Your assignment
Count how many lines below include the string "background", and give that number without anything else.

Caption-style text data
_ _ _
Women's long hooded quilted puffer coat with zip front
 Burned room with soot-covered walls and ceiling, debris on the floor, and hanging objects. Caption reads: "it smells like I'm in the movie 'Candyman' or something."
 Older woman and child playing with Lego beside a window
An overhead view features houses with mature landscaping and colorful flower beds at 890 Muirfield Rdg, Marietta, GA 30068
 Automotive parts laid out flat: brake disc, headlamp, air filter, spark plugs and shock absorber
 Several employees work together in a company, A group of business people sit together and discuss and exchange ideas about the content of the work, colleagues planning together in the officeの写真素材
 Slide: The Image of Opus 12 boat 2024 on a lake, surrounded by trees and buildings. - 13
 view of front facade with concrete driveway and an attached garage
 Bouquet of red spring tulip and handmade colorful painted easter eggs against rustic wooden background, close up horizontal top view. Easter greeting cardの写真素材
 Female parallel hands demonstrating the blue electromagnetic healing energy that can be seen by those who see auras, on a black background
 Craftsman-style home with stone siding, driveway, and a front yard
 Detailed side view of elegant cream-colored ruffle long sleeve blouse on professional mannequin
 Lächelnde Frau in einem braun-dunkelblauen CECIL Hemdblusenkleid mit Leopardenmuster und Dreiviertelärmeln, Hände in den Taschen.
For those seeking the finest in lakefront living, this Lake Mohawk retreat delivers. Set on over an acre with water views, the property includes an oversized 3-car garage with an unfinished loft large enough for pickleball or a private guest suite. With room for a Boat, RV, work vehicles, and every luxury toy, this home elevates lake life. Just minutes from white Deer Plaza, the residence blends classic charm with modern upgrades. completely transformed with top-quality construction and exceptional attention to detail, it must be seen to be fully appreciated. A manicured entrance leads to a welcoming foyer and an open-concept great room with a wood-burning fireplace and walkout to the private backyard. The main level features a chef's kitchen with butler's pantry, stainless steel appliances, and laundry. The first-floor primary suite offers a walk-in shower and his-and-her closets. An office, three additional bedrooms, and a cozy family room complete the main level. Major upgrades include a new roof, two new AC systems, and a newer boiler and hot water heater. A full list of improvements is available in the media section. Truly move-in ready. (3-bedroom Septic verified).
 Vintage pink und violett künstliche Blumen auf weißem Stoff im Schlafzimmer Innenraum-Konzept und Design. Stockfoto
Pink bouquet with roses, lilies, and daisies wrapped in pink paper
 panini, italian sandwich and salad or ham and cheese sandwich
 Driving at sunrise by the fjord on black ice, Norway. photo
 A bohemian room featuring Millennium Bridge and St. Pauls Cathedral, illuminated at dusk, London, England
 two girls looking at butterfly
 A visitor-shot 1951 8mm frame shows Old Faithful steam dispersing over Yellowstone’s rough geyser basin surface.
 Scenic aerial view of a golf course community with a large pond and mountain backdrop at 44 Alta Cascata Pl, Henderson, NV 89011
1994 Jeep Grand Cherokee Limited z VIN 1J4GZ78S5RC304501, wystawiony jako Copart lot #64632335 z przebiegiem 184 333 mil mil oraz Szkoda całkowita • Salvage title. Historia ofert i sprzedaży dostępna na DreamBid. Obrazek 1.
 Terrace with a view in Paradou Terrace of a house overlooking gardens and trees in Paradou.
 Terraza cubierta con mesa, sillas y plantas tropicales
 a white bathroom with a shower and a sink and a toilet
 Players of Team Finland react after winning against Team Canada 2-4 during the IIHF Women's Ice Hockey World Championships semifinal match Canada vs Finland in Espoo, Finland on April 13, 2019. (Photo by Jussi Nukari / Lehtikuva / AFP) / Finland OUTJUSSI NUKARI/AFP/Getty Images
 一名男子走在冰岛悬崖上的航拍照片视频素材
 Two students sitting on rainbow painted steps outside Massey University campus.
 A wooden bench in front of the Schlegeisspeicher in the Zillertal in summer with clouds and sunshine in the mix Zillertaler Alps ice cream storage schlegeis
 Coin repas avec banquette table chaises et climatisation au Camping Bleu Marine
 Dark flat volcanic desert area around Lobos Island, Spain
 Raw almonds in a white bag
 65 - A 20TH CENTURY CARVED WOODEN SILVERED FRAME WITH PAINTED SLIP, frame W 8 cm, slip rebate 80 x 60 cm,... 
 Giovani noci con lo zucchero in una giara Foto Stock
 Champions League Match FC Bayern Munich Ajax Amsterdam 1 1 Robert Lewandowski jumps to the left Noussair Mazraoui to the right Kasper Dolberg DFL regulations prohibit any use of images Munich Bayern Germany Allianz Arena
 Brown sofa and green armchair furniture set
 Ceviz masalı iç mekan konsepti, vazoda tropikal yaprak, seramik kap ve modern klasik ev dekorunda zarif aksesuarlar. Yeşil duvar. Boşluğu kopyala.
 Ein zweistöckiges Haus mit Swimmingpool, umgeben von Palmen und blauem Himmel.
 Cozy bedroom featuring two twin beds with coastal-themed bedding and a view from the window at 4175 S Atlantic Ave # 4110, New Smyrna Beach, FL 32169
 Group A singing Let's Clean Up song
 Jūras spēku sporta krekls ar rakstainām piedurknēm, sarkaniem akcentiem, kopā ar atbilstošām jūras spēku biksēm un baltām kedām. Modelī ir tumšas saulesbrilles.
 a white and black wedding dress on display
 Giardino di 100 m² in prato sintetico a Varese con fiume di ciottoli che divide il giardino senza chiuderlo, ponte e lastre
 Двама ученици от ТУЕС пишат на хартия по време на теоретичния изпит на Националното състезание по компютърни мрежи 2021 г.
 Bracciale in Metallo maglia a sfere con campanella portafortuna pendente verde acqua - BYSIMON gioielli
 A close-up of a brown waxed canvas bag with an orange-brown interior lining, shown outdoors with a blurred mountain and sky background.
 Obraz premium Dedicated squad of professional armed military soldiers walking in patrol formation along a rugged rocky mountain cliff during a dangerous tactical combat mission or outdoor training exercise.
_ _ _
Worked solution
3